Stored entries
* * * * *

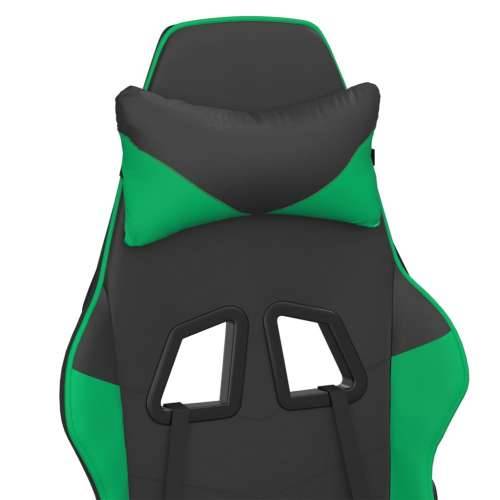 Igraća stolica crno-zelena od umjetne kože Cijena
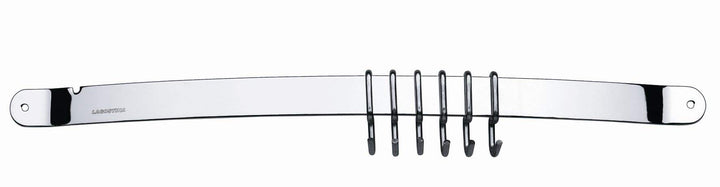 Lagostina 12335390100 Edelstahl Küchenhelfer, Hakenleiste (6 Haken)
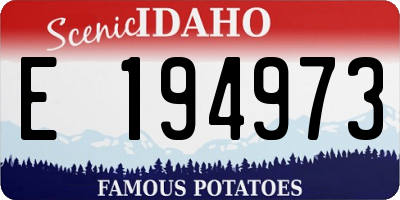 ID license plate E194973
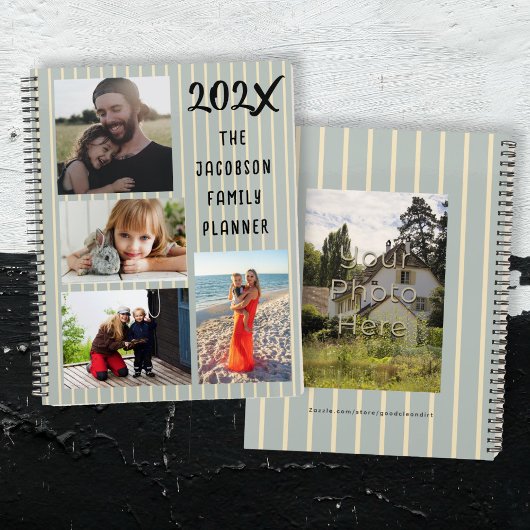 Five Photo Custom Family Planner Planer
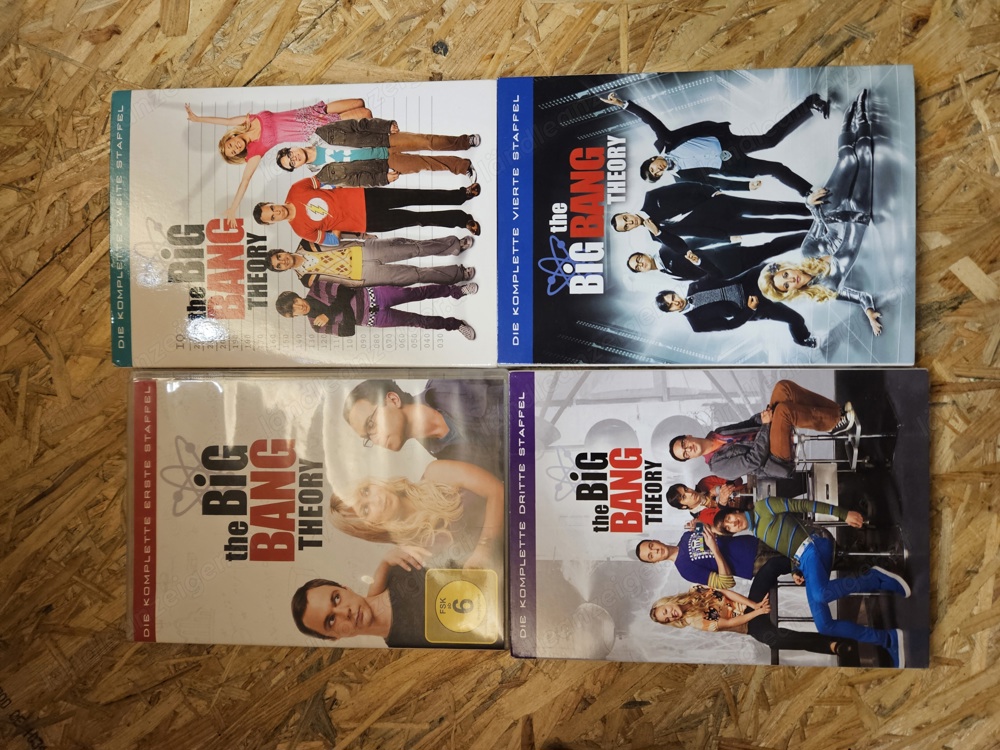 Verkaufe meine Dvd-Staffeln 1 bis 4  von The Big Bang Theorie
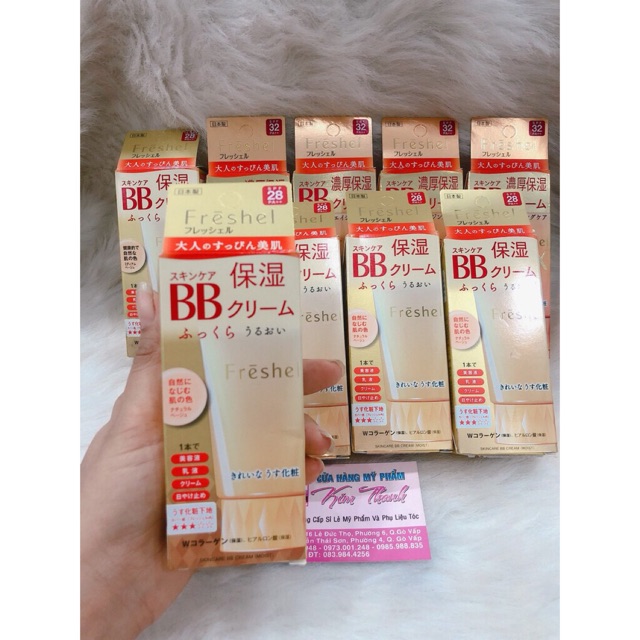 Kem Nền Trang Điểm 5in1 Freshel Skincare BB Cream Moist 50g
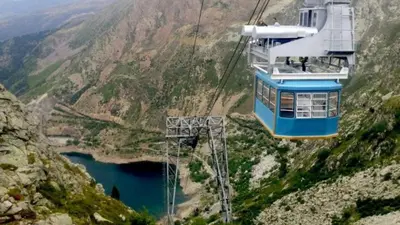 Paisaje cerca de este chalet de montaña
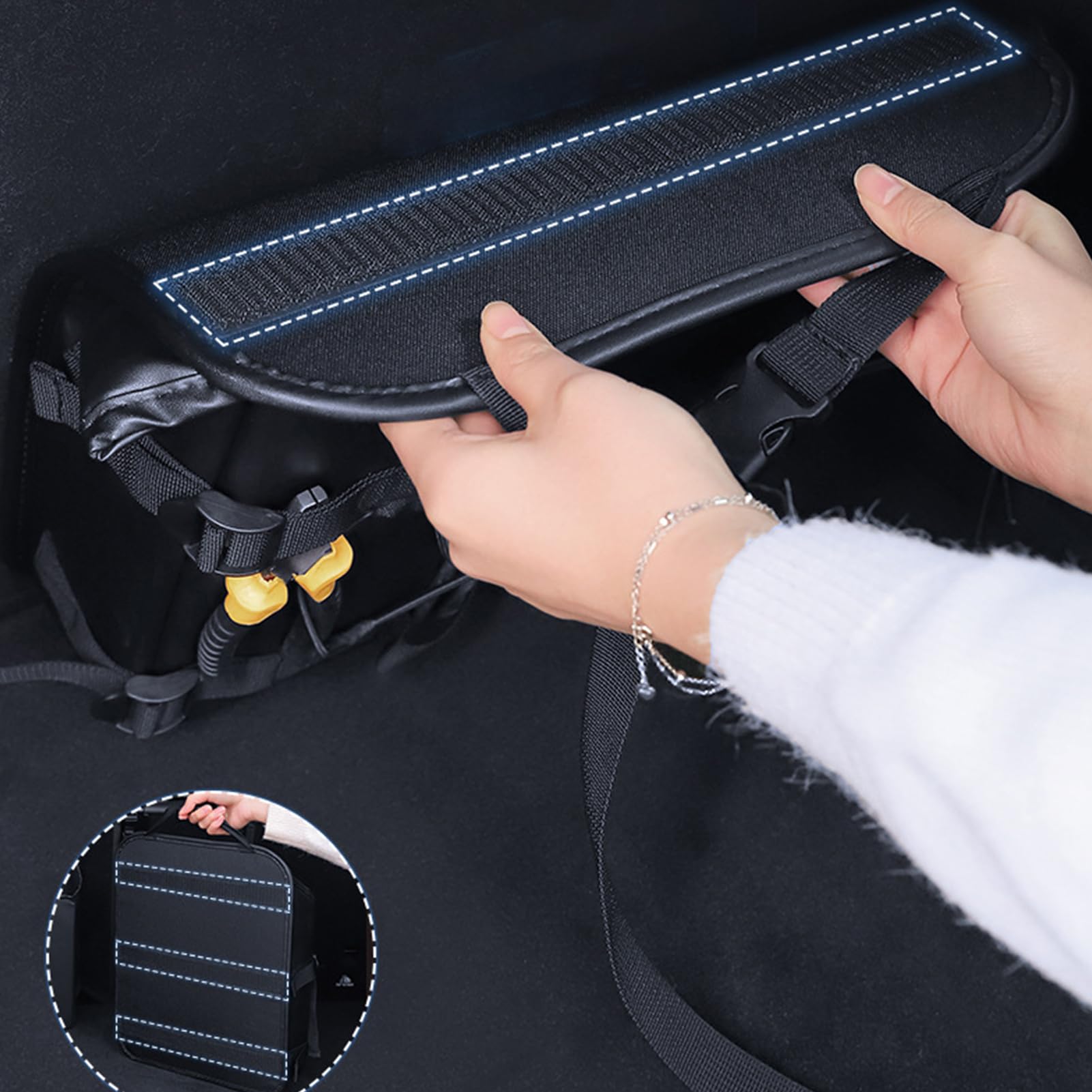 Organizer Da Schienale Per Bagagliaio Pouch In Con Fibbia Per Interni Auto | Organizer Sospeso Per Bagagliaio E Sedile Per Oggetti, Snack, Bevande, Borracce, Ombrelli E Giocattoli, Per Viaggi E Tr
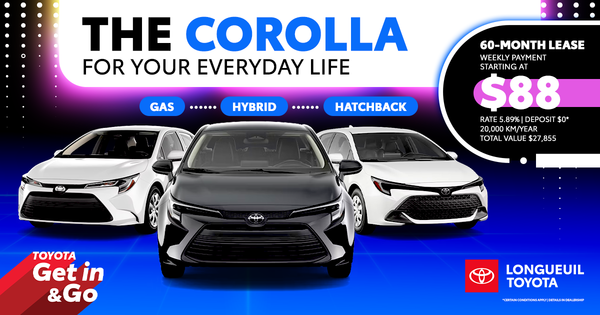 THE COROLLA FOR YOUR EVERYDAY LIFE !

* * * * *

Your task is to retype the lines running from the one that contains "Verkaufe meine Dvd-Staffeln" through the end of the records, and nothing else. Pictures are not part of the copy.

 Verkaufe meine Dvd-Staffeln 1 bis 4  von The Big Bang Theorie
 Kem Nền Trang Điểm 5in1 Freshel Skincare BB Cream Moist 50g
 Paisaje cerca de este chalet de montaña
 Organizer Da Schienale Per Bagagliaio Pouch In Con Fibbia Per Interni Auto | Organizer Sospeso Per Bagagliaio E Sedile Per Oggetti, Snack, Bevande, Borracce, Ombrelli E Giocattoli, Per Viaggi E Tr
 THE COROLLA FOR YOUR EVERYDAY LIFE !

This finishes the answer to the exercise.